STORED DATA:
▽

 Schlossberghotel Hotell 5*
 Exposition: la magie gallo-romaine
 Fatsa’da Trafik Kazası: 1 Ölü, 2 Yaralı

△

TASK ITEM:
Set down exactly the lines above, from the one containing "Exposition: la magie gallo-romaine" to the final line of the material, with both ends kept and no other lines.

SOLUTION:
 Exposition: la magie gallo-romaine
 Fatsa’da Trafik Kazası: 1 Ölü, 2 Yaralı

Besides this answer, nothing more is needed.